URL Filter Databases: Overview

URL filter databases are used by security vendors to categorize websites and assess their reputation. These databases help in blocking access to malicious or inappropriate content and are a key component of web security solutions.

How URL Filter Databases Work

  1. Categorization: URLs are categorized based on their content. Categories can include topics like news, social media, adult content, gambling, etc.
  2. Web Reputation: URLs are also assessed for their reputation, which involves checking for malicious activity, phishing, malware distribution, etc.
  3. URL Checking Process:
    • New URL: When a new URL is encountered, it is analyzed using various parameters such as domain age, IP address reputation, content analysis, and historical data.
    • Known URL: Known URLs are periodically re-checked to ensure their categorization and reputation are up-to-date. This involves re-evaluating the same parameters used for new URLs.

False Positives and False Negatives

  • False Positives: Legitimate URLs incorrectly categorized as malicious or inappropriate.
  • False Negatives: Malicious or inappropriate URLs incorrectly categorized as safe.

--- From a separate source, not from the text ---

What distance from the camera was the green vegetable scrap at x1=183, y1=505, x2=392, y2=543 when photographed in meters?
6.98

Major Security Vendors and Their URL Databases

Here’s a comparison table of URL databases from major vendors:

Vendor Name of URL Database Products Using This Database
Google Safe Browsing Chrome
Zscaler TBD Zscaler Internet Access (ZIA)
Netskope TBD Netskope TBD
Microsoft SmartScreen Edge and Internet Explorer
Checkpoint ThreatCloud Firewall, Endpoint Security
PaloAlto PAN-DB Next-Gen Firewall(NGFW), Prisma
Cisco Talos Umbrella, Firepower
McAfee/Skyhigh/Trellix TrustedSource Web Gateway, Cloud Security, Endpoint Security
Bluecoat/Broadcom WebPulse ProxySG, Secure Web Gateway
Fortinet FortiGuard URL Database Fortigate, FortiProxy, Forti*
Virustotal Virustotal Virustotal

URL Checking Parameters

When building a score, many parameters (sometimes more than 50) are checked, for example:

  • Domain Age: Older domains are generally considered more trustworthy.
  • IP Address Reputation: IP addresses associated with malicious activity are flagged.
  • Content Analysis: The actual content of the website is analyzed for malicious scripts, phishing attempts, etc.
  • Historical Data: Past behavior and reputation of the URL/domain.

Process Description

  1. Initial Categorization: When a URL is first encountered, it is categorized based on its content using automated tools and sometimes human review.
  2. Reputation Assessment: The URL is checked against known malicious databases, and its reputation is assessed based on various factors like domain age, IP reputation, and content analysis.
  3. Continuous Monitoring: URLs are continuously monitored and re-evaluated to ensure their categorization and reputation remain accurate.
  4. User Feedback: Users can often report false positives or false negatives, which are then reviewed and corrected by the security vendor.